Short text fragments from websites
------

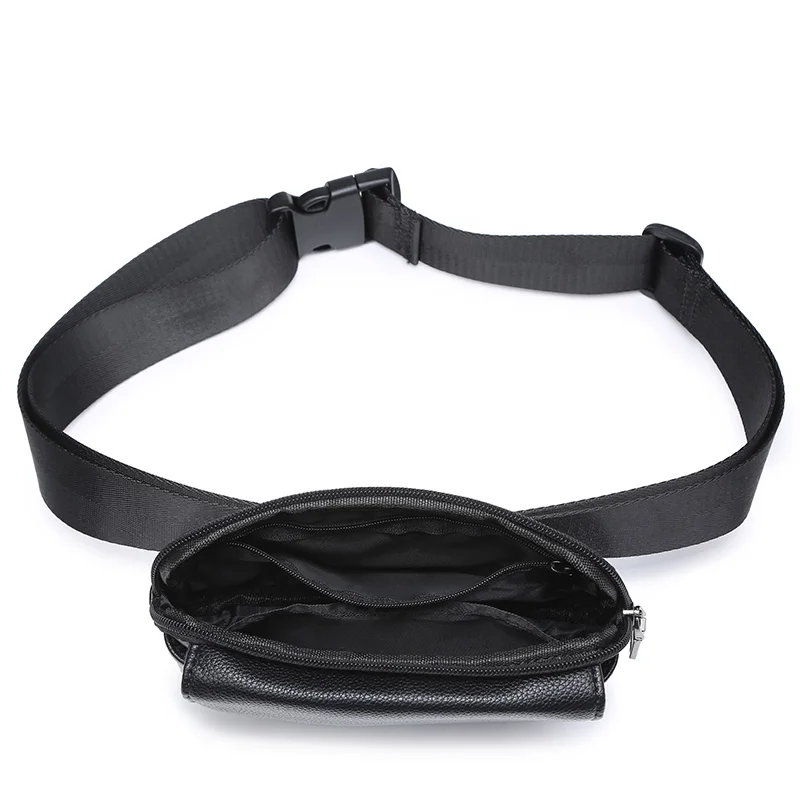 Fashion Women Waist Bag Black Ladies PU Leather Belt Travel Waist Packs Pouch Phone Bag Small bags Fashion Fanny Pack waist bag
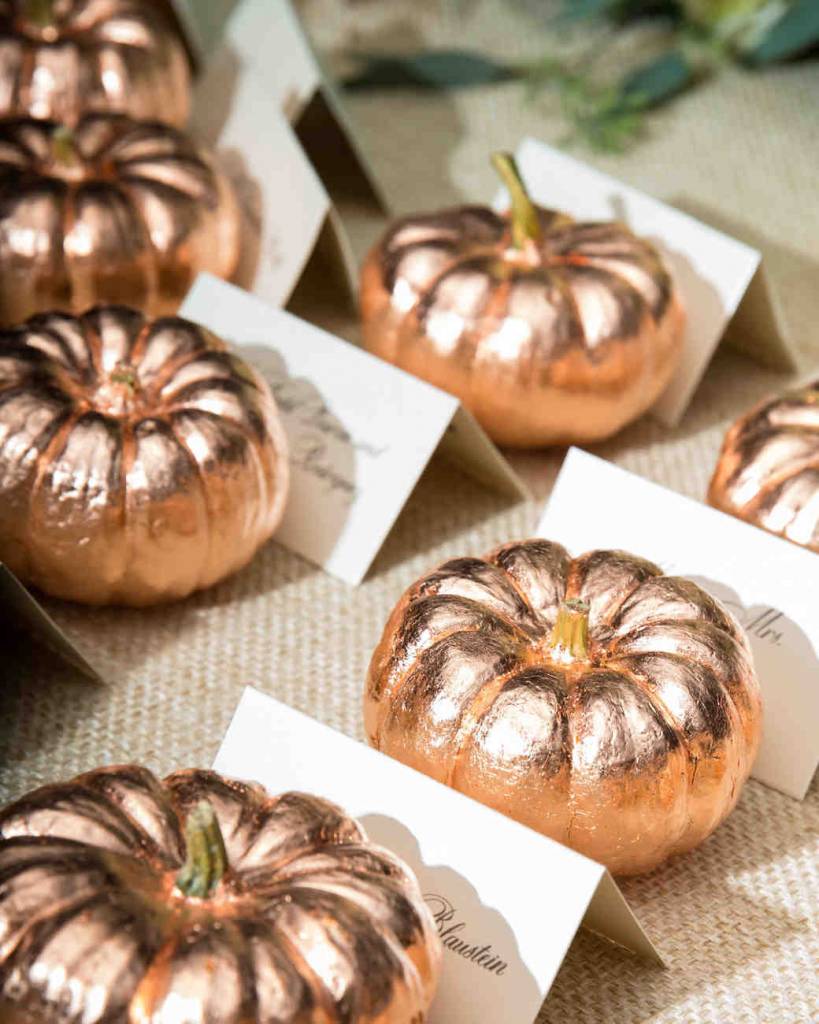 pumpkin table cards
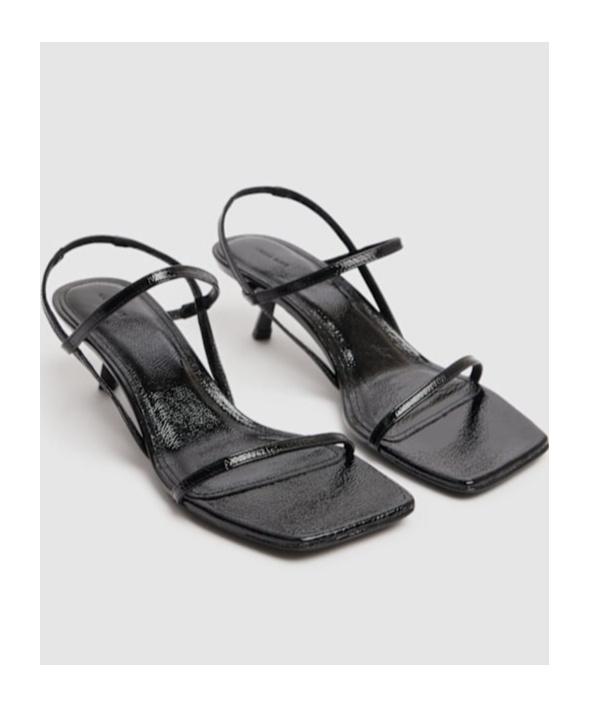 ANINE BING SQUARE-HEADED HIGH-HEELED SANDALS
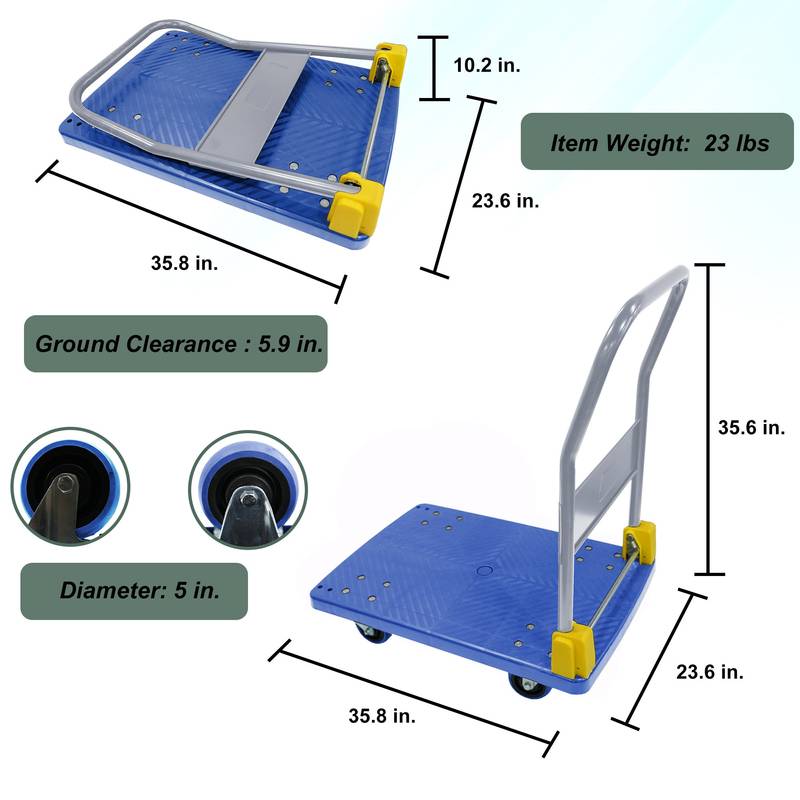 Versatile Folding Hand Truck with Swivel Wheels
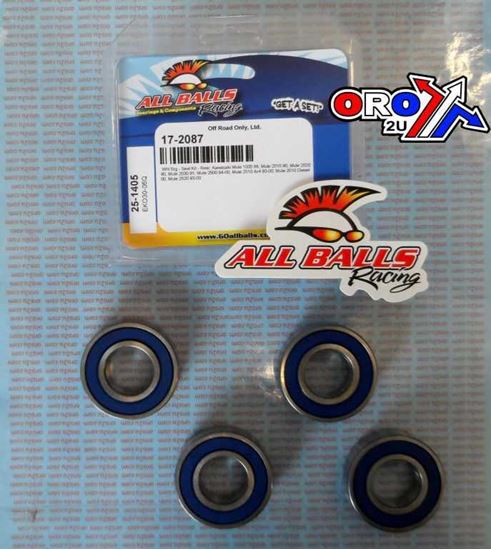 Picture of WHEEL BEARING & SEAL KIT ALLBALLS 25-1405 ROAD ATV UTV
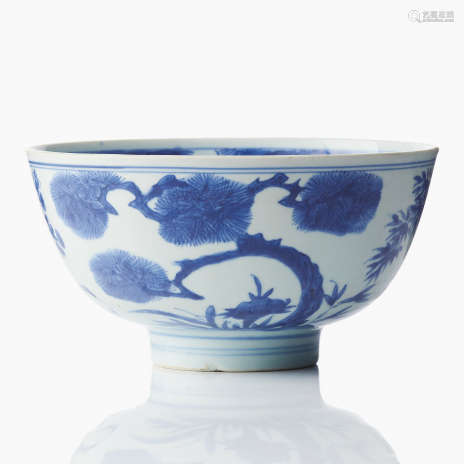 A Chinese Blue and White ‘Three Friends of Winter’ Bowl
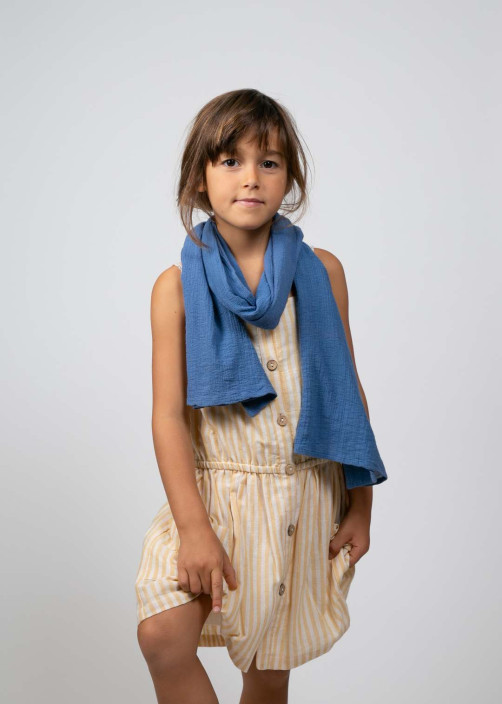 Blue Mineral Scarf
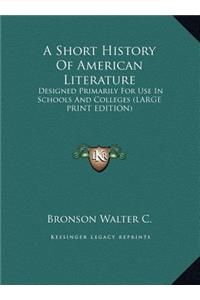 A Short History Of American Literature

------

**WHAT THIS TASK INVOLVES**: Please quote exactly the run of lines that starts the entries and ends at the line containing "Blue Mineral Scarf", leaving out every picture.

**SOLVED EXERCISE**:
 Fashion Women Waist Bag Black Ladies PU Leather Belt Travel Waist Packs Pouch Phone Bag Small bags Fashion Fanny Pack waist bag
 pumpkin table cards
 ANINE BING SQUARE-HEADED HIGH-HEELED SANDALS
 Versatile Folding Hand Truck with Swivel Wheels
 Picture of WHEEL BEARING & SEAL KIT ALLBALLS 25-1405 ROAD ATV UTV
 A Chinese Blue and White ‘Three Friends of Winter’ Bowl
 Blue Mineral Scarf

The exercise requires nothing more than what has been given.